(Bloomberg) -- A small biotechnology company may be the first to offer dying patients unproven drugs under a new U.S. law called Right to Try that deregulated access to such experimental treatments.
But it won’t be for free: Brainstorm Cell Therapeutics Inc. would charge for a therapy it is developing for the deadly condition known as Lou Gehrig’s disease. While details are still being worked out, the company’s chief executive officer pointed to the price of bespoke cell therapies used to treat cancer that cost more than $300,000.
“Companies cannot be NGOs,” the nongovernmental organizations that help provide care to impoverished countries, Brainstorm CEO Chaim Lebovits said in a phone interview. “We have to have an incentive.”
If it decides to proceed, Brainstorm -- a company with no drug on the market yet and no revenue -- would introduce a profit motive into an effort many expected to be altruistic, adding more controversy to an already contentious debate. Small drugmakers where much of the innovation in medicine originates can’t afford to provide their compounds for free, and terminally ill patients with no other options may be eager to pay for access. There would be little protection for patients already grappling with a tumultuous time in their lives, adding financial risk to the known medical gamble.
Health insurers don’t typically pay for treatments that haven’t been approved by regulators or proven to work in clinical trials. That means patients would have to pay for the therapies out of their own pockets.
Bypass the FDA
Right to Try, signed by President Donald Trump last month, allows doctors of patients with life-threatening diseases to work directly with drug companies for access to experimental drugs. The law aims to simplify the process and bypass the U.S. Food and Drug Administration almost entirely -- its chief sponsor, Republican Senator Ron Johnson, recently put it bluntly, saying the goal was to “diminish the FDA’s power over people’s lives, not increase it.”
Critics said the lack of oversight may make patients even more vulnerable as they near death, creating opportunities for unscrupulous companies or clinics to take advantage of them.

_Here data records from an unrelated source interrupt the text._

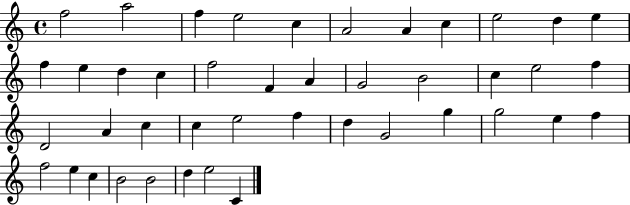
F5/h A5/h F5/q E5/h C5/q A4/h A4/q C5/q E5/h D5/q E5/q F5/q E5/q D5/q C5/q F5/h F4/q A4/q G4/h B4/h C5/q E5/h F5/q D4/h A4/q C5/q C5/q E5/h F5/q D5/q G4/h G5/q G5/h E5/q F5/q F5/h E5/q C5/q B4/h B4/h D5/q E5/h C4/q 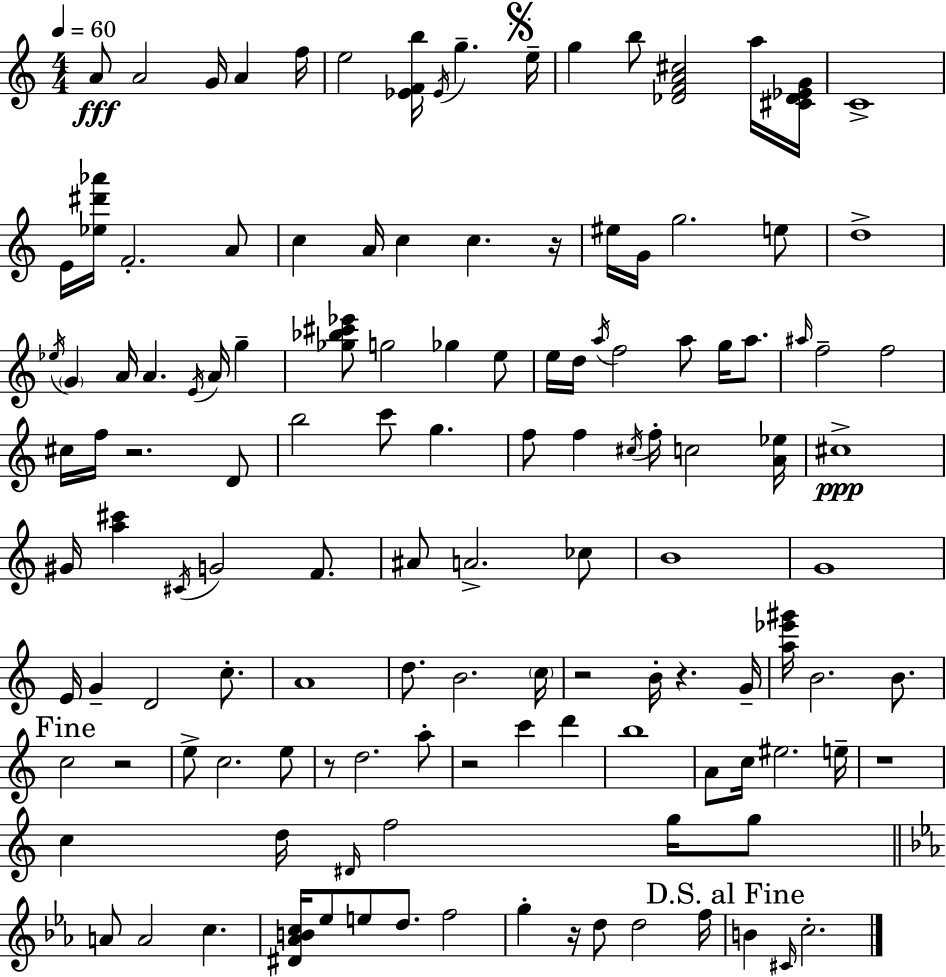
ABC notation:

X:1
T:Untitled
M:4/4
L:1/4
K:Am
A/2 A2 G/4 A f/4 e2 [_EFb]/4 _E/4 g e/4 g b/2 [_DFA^c]2 a/4 [^C_D_EG]/4 C4 E/4 [_e^d'_a']/4 F2 A/2 c A/4 c c z/4 ^e/4 G/4 g2 e/2 d4 _e/4 G A/4 A E/4 A/4 g [_g_b^c'_e']/2 g2 _g e/2 e/4 d/4 a/4 f2 a/2 g/4 a/2 ^a/4 f2 f2 ^c/4 f/4 z2 D/2 b2 c'/2 g f/2 f ^c/4 f/4 c2 [A_e]/4 ^c4 ^G/4 [a^c'] ^C/4 G2 F/2 ^A/2 A2 _c/2 B4 G4 E/4 G D2 c/2 A4 d/2 B2 c/4 z2 B/4 z G/4 [a_e'^g']/4 B2 B/2 c2 z2 e/2 c2 e/2 z/2 d2 a/2 z2 c' d' b4 A/2 c/4 ^e2 e/4 z4 c d/4 ^D/4 f2 g/4 g/2 A/2 A2 c [^D_ABc]/4 _e/2 e/2 d/2 f2 g z/4 d/2 d2 f/4 B ^C/4 c2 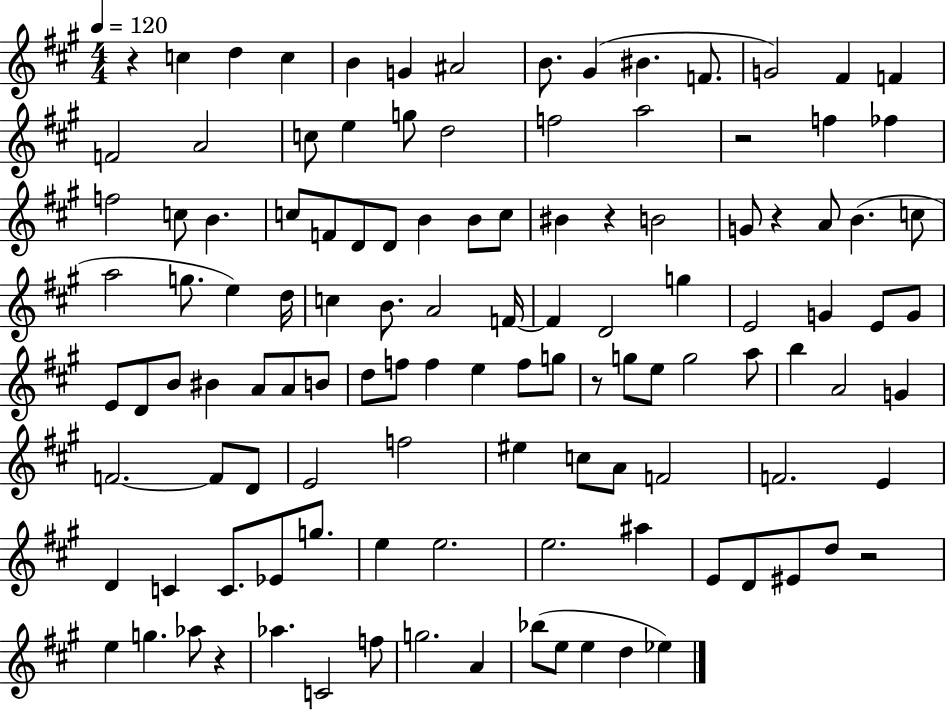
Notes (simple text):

R/q C5/q D5/q C5/q B4/q G4/q A#4/h B4/e. G#4/q BIS4/q. F4/e. G4/h F#4/q F4/q F4/h A4/h C5/e E5/q G5/e D5/h F5/h A5/h R/h F5/q FES5/q F5/h C5/e B4/q. C5/e F4/e D4/e D4/e B4/q B4/e C5/e BIS4/q R/q B4/h G4/e R/q A4/e B4/q. C5/e A5/h G5/e. E5/q D5/s C5/q B4/e. A4/h F4/s F4/q D4/h G5/q E4/h G4/q E4/e G4/e E4/e D4/e B4/e BIS4/q A4/e A4/e B4/e D5/e F5/e F5/q E5/q F5/e G5/e R/e G5/e E5/e G5/h A5/e B5/q A4/h G4/q F4/h. F4/e D4/e E4/h F5/h EIS5/q C5/e A4/e F4/h F4/h. E4/q D4/q C4/q C4/e. Eb4/e G5/e. E5/q E5/h. E5/h. A#5/q E4/e D4/e EIS4/e D5/e R/h E5/q G5/q. Ab5/e R/q Ab5/q. C4/h F5/e G5/h. A4/q Bb5/e E5/e E5/q D5/q Eb5/q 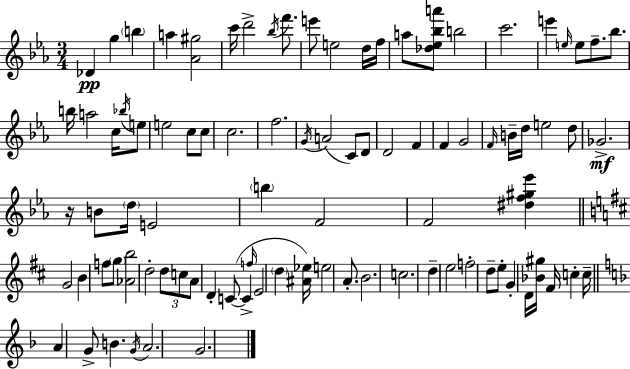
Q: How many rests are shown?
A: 1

Brainstorm, listed in the U.S. and run from New York and Israel, is trying to address the tension head-on. After requests for access to Brainstorm’s NurOwn experimental drug came pouring in following the passage of Right to Try, the company held conference calls with patients and investors to talk through details.
The shares closed up 2.8 percent to $4.41 on Wednesday, after rising 9.4 percent this year as of Tuesday’s close.
Only doctors who participated in the drug’s clinical trials would be included in the Right to Try program under consideration at Brainstorm, CEO Lebovits said. It would be a semicommercial enterprise with modest profits that wouldn’t exploit patients’ desperation, he said. The company, which had operating costs of $5 million last year, would work to obtain funding from foundations or other charitable organizations to help pay for at least one financially strapped patient for every two who are able to pay for it, he said.
NurOwn is being tested for amyotrophic lateral sclerosis, or ALS. The progressive disease erodes nerve cells, weakening the muscles throughout the body and gradually leaving patients unable to walk, speak and breathe.
The Brainstorm treatment is crafted for each individual in a process that includes extracting stem cells from the bone marrow. Its price could be similar to recently approved breakthrough cell therapies known as CAR-Ts, CEO Lebovits said. Those two cancer treatments, also tailored for each patient, cost about $375,000 and $475,000.
NurOwn’s mechanism doesn’t reverse the underlying cause of ALS, meaning it’s unlikely to cure the disease. A mid-stage study involving 48 patients found those given the drug appeared to respond, though the benefit didn’t last for most. The final results may not support approval.
Willing to Pay
Still, Matt Bellina, a former Naval officer and proponent of Right to Try, is among almost 1,000 patients hoping to get access to NurOwn. His Lou Gehrig’s disease is so advanced that he doesn’t qualify for the late-stage study that’s underway. So he’s willing to pay.
“We all have to do our part,” said Bellina, who has gotten positive reports from patients who participated in NurOwn’s studies.
FDA officials declined to comment on Brainstorm’s plan, saying the agency plans to convene an internal group to determine how to implement the new law. The office of Senator Johnson had no comment, but pointed to a part of Right to Try that requires companies adhere to rules that limit how much they can charge for an investigational drug to “direct costs only.”
Charging for access could create a conundrum for regulators and patients, said Arthur Caplan, director of medical ethics at New York University Langone Medical Center. The law itself doesn’t mention pricing explicitly and it’s not clear if companies can make a profit off unapproved drugs.
“The whole point of this was to weaken the role of the FDA,” Caplan said. “It’s unclear who would be checking on this.”
Lebovits acknowledges the controversy, including the potential that a patient may sink their life savings into a treatment that might not help them. He points out that approved drugs don’t help every patient and insists that those who want to try NurOwn would need to be fully informed about the risks before trying it. But he says the decision should be theirs.
“It will be only very educated people who understand the risks they are taking,” he said.